Return exactly the lines of the entries, from the one with "naturalizer red flat shoes" to the last.

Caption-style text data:
--- START ---
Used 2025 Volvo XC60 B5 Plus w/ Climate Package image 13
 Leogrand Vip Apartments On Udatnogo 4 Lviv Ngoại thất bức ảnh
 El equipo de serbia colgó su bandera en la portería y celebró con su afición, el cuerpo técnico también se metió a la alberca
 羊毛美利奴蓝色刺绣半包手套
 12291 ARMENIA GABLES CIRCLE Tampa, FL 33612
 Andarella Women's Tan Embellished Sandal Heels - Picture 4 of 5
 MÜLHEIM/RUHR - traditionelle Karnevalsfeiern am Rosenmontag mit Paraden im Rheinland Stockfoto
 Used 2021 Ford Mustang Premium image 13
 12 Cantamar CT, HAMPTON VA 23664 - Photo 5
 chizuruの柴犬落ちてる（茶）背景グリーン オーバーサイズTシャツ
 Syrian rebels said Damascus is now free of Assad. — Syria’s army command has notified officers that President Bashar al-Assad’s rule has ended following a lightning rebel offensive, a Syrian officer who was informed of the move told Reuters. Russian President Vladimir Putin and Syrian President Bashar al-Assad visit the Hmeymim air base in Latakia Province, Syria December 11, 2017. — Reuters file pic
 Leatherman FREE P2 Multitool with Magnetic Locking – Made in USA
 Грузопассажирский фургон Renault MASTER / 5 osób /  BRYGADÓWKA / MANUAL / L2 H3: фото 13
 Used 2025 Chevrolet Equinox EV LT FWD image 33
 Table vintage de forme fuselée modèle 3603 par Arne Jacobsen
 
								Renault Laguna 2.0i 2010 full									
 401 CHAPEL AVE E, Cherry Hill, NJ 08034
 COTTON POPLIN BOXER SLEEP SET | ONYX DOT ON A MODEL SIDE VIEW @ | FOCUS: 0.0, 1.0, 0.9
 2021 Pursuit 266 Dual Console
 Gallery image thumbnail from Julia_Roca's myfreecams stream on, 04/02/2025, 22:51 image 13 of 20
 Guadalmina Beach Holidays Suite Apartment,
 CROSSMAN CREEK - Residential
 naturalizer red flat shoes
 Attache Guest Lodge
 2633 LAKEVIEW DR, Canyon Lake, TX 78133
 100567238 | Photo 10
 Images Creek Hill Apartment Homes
--- END ---
_RESULT OF THIS EXERCISE_:
 naturalizer red flat shoes
 Attache Guest Lodge
 2633 LAKEVIEW DR, Canyon Lake, TX 78133
 100567238 | Photo 10
 Images Creek Hill Apartment Homes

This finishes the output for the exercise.